From Chapter 1: On a particularly warm day in early July 1808, Will, Thomas, and Anne were gathered around the kitchen fireplace. Will's face tensed anxiously. Sweat beaded up on his forehead and made its way down the furrows of his cheeks, dropping off onto his shirt already wet from the heat of July. The early morning coolness had tapered off and the warm afternoon had begun to settle into early evening. Despite the warm weather, a fire crackled in the hearth. Will was unable to sit for more than a moment before getting up to pace around the table. He was a large man, unusual in his height. His broad shoulders and muscular arms told of his years of hard work. It was rare for Will to spend this much time in the kitchen, ordinarily Margaret's domain. His young son and daughter picked up on the tension as they tracked him with their eyes. In the small room to the back of the house, neighborhood women entered and left and one could hear the sounds of a woman in labor. As Margaret keened and struggled, the children, Thomas and Anne, grew noticeably frightened. Ellen Byrne, from the same cache of homes in Common Hall, came out of the back room and took the children to her house for porridge, scones, and a glass of warm milk. Ellen was Anne's Baptismal sponsor along with John Phelan whose wife was currently attending Margaret. Several women from Vicar Street came by Ellen's to ask how the labor was proceeding. Conversation was casual and congenial as they also exchanged pleasantries and discussed the weather. Ellen had kept the kettle water hot so as to offer tea and scones to all who dropped in. Labor and the culmination in birth was a waiting game and the women were well acquainted with it.
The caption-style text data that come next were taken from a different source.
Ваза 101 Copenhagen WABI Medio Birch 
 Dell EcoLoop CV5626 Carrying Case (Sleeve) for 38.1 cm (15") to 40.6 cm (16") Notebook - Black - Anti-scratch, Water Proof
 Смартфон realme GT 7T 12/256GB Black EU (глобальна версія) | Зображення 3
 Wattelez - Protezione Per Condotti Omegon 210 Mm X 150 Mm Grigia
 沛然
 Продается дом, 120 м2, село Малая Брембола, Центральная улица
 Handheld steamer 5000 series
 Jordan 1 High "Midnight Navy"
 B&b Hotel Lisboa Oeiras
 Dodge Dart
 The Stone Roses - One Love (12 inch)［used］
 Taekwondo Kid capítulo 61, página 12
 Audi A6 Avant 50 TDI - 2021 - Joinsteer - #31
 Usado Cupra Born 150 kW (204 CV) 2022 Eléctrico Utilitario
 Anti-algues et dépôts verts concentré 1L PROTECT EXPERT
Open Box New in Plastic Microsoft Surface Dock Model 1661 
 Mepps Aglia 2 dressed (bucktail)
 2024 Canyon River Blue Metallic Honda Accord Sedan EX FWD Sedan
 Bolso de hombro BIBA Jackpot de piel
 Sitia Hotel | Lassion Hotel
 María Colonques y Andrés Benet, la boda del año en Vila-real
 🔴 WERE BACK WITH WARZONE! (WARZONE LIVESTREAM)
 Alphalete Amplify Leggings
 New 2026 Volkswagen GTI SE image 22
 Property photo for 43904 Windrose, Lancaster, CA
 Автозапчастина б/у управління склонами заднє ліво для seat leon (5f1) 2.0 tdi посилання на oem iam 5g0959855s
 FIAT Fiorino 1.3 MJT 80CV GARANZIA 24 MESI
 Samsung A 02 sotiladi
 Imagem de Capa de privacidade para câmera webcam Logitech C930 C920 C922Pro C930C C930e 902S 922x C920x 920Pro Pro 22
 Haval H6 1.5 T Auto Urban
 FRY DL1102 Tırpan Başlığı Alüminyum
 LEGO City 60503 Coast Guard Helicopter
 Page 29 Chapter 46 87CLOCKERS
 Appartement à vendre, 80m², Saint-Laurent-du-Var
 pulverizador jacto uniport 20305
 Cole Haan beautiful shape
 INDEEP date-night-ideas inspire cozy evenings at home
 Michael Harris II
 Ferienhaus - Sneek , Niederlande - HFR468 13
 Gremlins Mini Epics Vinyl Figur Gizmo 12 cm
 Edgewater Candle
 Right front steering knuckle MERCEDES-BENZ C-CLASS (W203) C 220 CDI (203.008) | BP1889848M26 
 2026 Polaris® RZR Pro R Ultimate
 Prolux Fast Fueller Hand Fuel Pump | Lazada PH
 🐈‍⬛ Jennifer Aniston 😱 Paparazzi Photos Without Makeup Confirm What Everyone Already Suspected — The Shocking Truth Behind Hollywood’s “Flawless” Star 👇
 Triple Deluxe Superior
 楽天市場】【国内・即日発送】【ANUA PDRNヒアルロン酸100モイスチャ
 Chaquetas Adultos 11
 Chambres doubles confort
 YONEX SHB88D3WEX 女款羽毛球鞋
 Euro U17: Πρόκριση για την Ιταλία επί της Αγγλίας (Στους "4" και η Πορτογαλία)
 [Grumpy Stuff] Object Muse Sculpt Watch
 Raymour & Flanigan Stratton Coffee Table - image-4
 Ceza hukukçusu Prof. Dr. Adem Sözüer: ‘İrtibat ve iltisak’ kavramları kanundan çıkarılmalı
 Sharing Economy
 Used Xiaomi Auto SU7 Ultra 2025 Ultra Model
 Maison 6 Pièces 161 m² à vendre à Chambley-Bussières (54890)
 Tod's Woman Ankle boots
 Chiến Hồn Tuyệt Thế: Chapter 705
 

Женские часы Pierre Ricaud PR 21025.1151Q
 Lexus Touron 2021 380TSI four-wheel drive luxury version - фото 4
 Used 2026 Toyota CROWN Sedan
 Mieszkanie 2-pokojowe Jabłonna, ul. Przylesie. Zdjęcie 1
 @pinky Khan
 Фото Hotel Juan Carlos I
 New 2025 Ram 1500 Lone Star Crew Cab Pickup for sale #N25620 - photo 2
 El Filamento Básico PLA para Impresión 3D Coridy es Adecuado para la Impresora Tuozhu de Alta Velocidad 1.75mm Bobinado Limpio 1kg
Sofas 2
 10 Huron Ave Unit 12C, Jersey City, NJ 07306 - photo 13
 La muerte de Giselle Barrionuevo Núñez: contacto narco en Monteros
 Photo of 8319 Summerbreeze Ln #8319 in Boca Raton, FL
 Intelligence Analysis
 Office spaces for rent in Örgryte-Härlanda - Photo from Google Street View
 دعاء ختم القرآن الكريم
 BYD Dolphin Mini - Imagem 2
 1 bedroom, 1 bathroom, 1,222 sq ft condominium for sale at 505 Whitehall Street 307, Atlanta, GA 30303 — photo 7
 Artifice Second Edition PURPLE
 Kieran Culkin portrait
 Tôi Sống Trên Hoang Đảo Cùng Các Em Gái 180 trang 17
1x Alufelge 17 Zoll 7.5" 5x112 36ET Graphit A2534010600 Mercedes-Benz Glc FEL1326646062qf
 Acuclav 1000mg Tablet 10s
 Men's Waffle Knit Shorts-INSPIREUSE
From Chapter 17: The Russell Baldwin eased out of the slip and began to pick up speed as it headed down the River Mersey and into the channel. With a wallop, it hit the choppy waters of the Irish Sea. At first the vessel tipped, almost quietly, to the right as bodies in berths slid along with both hands holding onto the other side of the berth to keep from rolling out. Just as quickly they flipped to the left with the same resulting thrust to their bodies. "May the grace of God protect us!" was heard, almost as a scream, somewhere toward the prow.
"Jesus, Mary, Joseph and Patrick!" came from another berth.
"A mathair, ta me marbh!" screamed a young woman. (Oh mother, I'm killed.)
"My love to God, the devil is done and we will all be killed."
Back in the berths with the men there were similar epithets with a slightly different leaving. "Bedad, this is the greatest wonder ever I seen!"
"We be ridin' the devil's horns, for sure."
From Chapter 42: The old Capitol building on 1st Street was vacated when the new Capitol was built. It became a boarding house for a time but had now been remodeled into a jail. It stood in the center of four busy thoroughfares. Frank and William were locked in a room together on the second floor which overlooked the Capitol. They were forbidden to put their faces to the single window or take the risk of being shot. The next day, a courier met Martin on his way to work. "Sir, I have been requested to tell you that your son, Frank, has been imprisoned in the Old Capitol. Ms. Rose Greenhow has also been arrested. Your address, which I presume is also your son's, was written on the front of her diary." He tipped his hat and disappeared into the street leaving Martin standing, dumbfounded and fearful, halfway between home and work. He leaned against a lamppost, removed his hat, and wiped his forehead before turning back toward home.